WORK TO COMPLETE → From the data that follows, report the number of lines including "Resistance", and only that number.

DATA SUPPLIED →
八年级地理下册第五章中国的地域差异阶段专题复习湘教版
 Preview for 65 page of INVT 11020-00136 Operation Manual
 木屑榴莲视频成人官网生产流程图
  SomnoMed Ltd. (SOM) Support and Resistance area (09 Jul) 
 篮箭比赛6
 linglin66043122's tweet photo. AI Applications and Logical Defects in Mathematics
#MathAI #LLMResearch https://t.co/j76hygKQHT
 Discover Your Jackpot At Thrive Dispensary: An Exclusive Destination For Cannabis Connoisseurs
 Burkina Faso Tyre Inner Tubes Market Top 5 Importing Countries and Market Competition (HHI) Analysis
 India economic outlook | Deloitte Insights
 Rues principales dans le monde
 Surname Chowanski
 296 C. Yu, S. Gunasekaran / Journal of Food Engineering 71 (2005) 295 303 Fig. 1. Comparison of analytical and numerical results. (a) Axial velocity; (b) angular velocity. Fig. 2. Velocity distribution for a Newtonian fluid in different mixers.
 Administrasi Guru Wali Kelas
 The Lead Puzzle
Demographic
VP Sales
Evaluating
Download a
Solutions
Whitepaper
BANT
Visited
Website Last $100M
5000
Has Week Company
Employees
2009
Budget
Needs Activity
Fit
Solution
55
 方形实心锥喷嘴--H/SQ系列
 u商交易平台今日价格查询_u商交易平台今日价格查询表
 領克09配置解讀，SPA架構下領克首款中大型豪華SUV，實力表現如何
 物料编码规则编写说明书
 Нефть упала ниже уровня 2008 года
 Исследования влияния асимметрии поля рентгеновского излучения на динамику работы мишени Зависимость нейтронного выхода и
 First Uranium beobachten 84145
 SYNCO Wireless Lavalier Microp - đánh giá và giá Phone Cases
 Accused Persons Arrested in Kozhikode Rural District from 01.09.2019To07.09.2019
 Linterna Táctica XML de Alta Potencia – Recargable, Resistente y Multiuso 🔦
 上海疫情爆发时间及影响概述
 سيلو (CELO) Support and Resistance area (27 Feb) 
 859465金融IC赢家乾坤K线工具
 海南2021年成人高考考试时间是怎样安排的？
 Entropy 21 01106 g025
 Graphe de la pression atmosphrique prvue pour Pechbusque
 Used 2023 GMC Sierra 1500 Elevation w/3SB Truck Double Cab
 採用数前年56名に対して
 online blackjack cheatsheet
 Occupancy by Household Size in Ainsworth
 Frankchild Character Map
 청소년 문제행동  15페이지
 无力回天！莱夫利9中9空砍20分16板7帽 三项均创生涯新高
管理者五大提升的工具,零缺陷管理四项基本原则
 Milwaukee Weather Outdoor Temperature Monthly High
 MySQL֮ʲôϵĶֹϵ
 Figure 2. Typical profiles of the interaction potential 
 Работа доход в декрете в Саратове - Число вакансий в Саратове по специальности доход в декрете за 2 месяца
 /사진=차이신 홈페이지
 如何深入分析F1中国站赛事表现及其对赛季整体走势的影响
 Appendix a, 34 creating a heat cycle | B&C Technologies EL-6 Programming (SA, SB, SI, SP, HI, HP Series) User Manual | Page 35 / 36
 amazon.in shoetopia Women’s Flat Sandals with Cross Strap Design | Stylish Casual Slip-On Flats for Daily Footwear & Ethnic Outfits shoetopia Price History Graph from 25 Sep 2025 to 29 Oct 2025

TASK OUTPUT → 2